[Data excerpts]
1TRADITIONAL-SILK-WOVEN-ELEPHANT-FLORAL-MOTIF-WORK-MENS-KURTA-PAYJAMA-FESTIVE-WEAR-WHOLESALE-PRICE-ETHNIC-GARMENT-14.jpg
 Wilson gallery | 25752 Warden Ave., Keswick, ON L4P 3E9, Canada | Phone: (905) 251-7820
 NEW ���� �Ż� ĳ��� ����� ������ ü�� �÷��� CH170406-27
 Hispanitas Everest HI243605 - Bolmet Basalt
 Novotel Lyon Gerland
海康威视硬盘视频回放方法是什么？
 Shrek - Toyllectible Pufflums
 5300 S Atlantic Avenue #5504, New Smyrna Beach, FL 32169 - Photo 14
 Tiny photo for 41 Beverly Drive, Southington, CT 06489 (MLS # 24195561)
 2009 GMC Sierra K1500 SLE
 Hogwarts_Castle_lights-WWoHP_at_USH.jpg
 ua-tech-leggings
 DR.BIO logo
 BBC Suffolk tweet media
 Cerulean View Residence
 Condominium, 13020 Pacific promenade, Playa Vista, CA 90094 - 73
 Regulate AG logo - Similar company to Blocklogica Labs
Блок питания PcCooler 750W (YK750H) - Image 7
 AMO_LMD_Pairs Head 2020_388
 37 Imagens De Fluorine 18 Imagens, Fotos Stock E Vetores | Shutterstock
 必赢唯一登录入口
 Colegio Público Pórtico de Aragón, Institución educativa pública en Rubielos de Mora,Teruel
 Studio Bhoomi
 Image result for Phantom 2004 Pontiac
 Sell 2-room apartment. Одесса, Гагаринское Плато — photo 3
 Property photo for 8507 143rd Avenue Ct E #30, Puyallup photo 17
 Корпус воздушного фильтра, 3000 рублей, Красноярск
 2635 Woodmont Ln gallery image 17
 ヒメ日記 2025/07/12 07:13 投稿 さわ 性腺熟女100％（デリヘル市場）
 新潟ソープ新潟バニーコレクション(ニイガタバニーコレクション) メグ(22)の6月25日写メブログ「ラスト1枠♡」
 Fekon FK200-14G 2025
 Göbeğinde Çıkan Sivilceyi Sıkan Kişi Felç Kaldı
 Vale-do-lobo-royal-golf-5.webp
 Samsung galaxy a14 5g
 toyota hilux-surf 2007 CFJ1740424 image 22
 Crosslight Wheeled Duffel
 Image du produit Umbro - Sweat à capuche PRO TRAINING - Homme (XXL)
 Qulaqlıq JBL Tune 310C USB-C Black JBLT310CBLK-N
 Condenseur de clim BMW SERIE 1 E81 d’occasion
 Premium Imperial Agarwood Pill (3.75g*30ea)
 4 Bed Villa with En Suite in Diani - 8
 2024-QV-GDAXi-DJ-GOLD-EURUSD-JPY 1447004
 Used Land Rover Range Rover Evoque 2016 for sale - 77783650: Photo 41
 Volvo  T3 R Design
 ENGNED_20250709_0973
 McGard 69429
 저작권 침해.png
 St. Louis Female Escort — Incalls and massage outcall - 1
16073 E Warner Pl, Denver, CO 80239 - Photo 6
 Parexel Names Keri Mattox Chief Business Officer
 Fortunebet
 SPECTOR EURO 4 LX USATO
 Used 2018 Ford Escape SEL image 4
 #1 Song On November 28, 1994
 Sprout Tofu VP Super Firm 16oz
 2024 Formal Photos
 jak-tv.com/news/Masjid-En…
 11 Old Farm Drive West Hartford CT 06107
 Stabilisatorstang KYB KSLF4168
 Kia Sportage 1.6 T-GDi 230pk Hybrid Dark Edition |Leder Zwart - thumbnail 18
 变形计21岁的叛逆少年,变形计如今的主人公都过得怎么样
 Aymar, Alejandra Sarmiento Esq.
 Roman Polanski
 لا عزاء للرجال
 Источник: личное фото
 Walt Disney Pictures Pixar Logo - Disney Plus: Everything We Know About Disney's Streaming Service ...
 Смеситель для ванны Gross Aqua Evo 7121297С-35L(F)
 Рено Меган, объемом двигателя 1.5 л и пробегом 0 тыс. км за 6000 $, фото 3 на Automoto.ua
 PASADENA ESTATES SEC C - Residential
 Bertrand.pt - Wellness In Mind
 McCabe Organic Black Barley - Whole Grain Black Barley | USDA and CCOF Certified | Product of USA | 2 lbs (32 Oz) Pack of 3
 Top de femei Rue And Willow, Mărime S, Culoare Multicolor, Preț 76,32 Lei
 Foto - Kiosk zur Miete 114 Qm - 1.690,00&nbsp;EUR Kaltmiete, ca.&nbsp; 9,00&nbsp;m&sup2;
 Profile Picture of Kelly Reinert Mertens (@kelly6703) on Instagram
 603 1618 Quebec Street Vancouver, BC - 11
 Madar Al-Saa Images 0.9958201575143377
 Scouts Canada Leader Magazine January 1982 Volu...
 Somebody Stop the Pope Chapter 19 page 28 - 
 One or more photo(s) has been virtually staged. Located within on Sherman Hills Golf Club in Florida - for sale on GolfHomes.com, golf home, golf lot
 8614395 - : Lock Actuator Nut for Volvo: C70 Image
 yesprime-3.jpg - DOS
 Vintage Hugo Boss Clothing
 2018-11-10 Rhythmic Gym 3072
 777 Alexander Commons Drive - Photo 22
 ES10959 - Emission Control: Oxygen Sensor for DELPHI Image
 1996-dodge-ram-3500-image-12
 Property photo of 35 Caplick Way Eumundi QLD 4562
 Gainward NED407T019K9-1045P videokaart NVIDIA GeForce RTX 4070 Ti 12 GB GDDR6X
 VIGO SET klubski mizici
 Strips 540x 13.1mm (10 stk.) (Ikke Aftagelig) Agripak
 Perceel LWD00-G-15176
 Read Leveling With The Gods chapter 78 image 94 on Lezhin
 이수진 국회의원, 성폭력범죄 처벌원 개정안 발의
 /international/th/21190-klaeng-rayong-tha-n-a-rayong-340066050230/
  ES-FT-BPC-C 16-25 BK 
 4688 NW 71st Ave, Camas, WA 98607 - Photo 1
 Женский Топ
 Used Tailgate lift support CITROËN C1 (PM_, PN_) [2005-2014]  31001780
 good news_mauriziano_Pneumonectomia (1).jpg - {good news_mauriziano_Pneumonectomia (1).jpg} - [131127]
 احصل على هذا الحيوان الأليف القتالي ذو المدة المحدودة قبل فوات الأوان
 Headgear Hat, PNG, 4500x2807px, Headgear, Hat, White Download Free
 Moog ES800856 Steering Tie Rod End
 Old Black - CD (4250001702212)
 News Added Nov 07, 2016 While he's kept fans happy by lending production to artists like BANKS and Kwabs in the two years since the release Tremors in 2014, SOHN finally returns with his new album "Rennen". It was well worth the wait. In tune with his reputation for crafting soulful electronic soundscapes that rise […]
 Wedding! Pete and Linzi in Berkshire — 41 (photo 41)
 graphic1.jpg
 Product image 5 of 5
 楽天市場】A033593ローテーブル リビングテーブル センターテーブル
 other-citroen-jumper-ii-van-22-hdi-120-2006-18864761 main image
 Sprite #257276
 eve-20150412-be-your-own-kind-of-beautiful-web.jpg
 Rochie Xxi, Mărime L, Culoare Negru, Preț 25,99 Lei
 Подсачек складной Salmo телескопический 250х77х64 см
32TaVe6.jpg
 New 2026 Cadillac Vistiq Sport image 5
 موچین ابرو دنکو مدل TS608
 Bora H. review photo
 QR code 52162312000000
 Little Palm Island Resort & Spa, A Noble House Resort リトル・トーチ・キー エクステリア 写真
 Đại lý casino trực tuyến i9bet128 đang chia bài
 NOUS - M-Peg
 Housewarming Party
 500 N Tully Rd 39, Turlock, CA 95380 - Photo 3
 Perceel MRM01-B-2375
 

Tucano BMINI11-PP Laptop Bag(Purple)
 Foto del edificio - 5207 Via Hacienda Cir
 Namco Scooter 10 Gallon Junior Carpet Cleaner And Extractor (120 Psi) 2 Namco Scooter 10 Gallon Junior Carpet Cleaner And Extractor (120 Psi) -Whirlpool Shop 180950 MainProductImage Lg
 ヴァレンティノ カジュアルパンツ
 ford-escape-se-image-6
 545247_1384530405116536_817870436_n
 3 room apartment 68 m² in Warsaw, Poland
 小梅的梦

(WHAT THE EXERCISE ASKS):
What you retype should run from the first line of the entries above through the line containing "Premium Imperial Agarwood Pill (3.75g*30ea)", exactly and in full.

(ANSWER FOR THE TASK):
1TRADITIONAL-SILK-WOVEN-ELEPHANT-FLORAL-MOTIF-WORK-MENS-KURTA-PAYJAMA-FESTIVE-WEAR-WHOLESALE-PRICE-ETHNIC-GARMENT-14.jpg
 Wilson gallery | 25752 Warden Ave., Keswick, ON L4P 3E9, Canada | Phone: (905) 251-7820
 NEW ���� �Ż� ĳ��� ����� ������ ü�� �÷��� CH170406-27
 Hispanitas Everest HI243605 - Bolmet Basalt
 Novotel Lyon Gerland
海康威视硬盘视频回放方法是什么？
 Shrek - Toyllectible Pufflums
 5300 S Atlantic Avenue #5504, New Smyrna Beach, FL 32169 - Photo 14
 Tiny photo for 41 Beverly Drive, Southington, CT 06489 (MLS # 24195561)
 2009 GMC Sierra K1500 SLE
 Hogwarts_Castle_lights-WWoHP_at_USH.jpg
 ua-tech-leggings
 DR.BIO logo
 BBC Suffolk tweet media
 Cerulean View Residence
 Condominium, 13020 Pacific promenade, Playa Vista, CA 90094 - 73
 Regulate AG logo - Similar company to Blocklogica Labs
Блок питания PcCooler 750W (YK750H) - Image 7
 AMO_LMD_Pairs Head 2020_388
 37 Imagens De Fluorine 18 Imagens, Fotos Stock E Vetores | Shutterstock
 必赢唯一登录入口
 Colegio Público Pórtico de Aragón, Institución educativa pública en Rubielos de Mora,Teruel
 Studio Bhoomi
 Image result for Phantom 2004 Pontiac
 Sell 2-room apartment. Одесса, Гагаринское Плато — photo 3
 Property photo for 8507 143rd Avenue Ct E #30, Puyallup photo 17
 Корпус воздушного фильтра, 3000 рублей, Красноярск
 2635 Woodmont Ln gallery image 17
 ヒメ日記 2025/07/12 07:13 投稿 さわ 性腺熟女100％（デリヘル市場）
 新潟ソープ新潟バニーコレクション(ニイガタバニーコレクション) メグ(22)の6月25日写メブログ「ラスト1枠♡」
 Fekon FK200-14G 2025
 Göbeğinde Çıkan Sivilceyi Sıkan Kişi Felç Kaldı
 Vale-do-lobo-royal-golf-5.webp
 Samsung galaxy a14 5g
 toyota hilux-surf 2007 CFJ1740424 image 22
 Crosslight Wheeled Duffel
 Image du produit Umbro - Sweat à capuche PRO TRAINING - Homme (XXL)
 Qulaqlıq JBL Tune 310C USB-C Black JBLT310CBLK-N
 Condenseur de clim BMW SERIE 1 E81 d’occasion
 Premium Imperial Agarwood Pill (3.75g*30ea)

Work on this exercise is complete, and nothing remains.